Write out, word for word and with no pictures, each line below from the one containing "Mazda 6 2,0" through the one containing "valentines-day-poems-daughter-4 | GLAVO", both included, and no other line.

EXCERPTED RECORDS:
-----

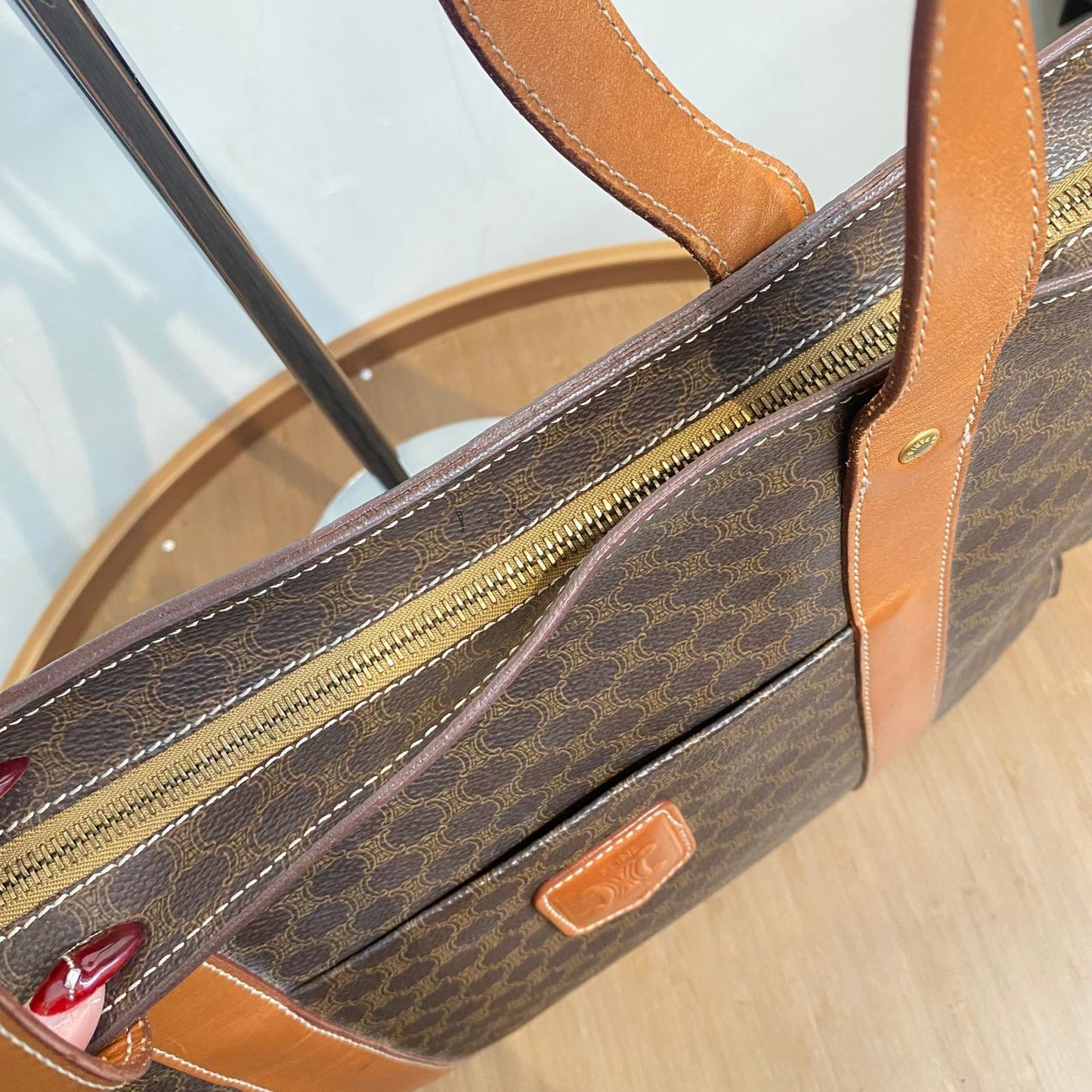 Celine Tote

-----

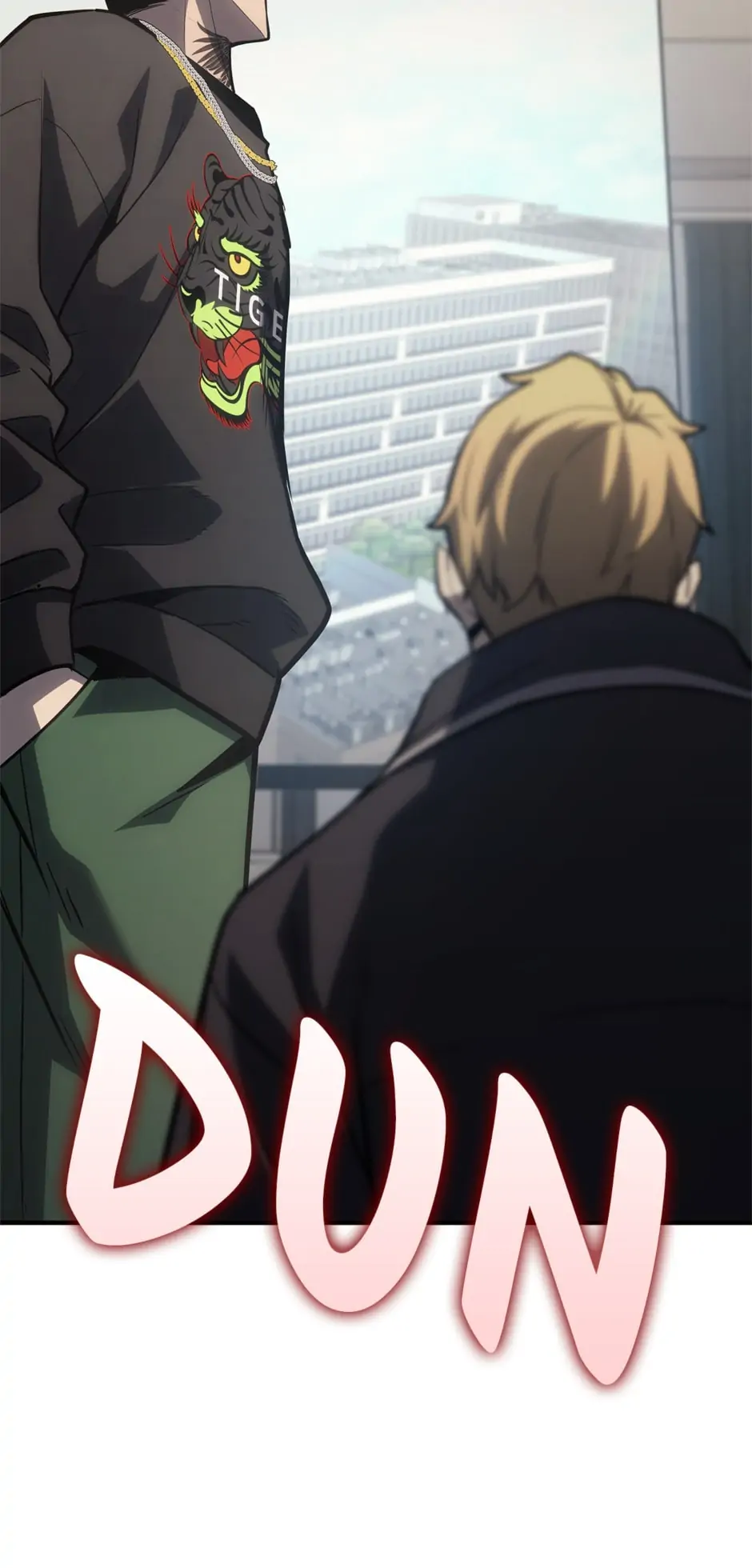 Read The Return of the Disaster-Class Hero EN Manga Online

-----

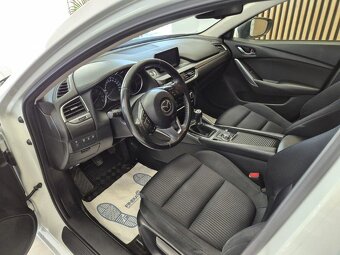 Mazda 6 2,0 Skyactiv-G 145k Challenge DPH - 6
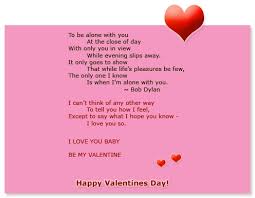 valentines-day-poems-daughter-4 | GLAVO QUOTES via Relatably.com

-----

RESULT OF THIS TASK:
 Mazda 6 2,0 Skyactiv-G 145k Challenge DPH - 6
 valentines-day-poems-daughter-4 | GLAVO QUOTES via Relatably.com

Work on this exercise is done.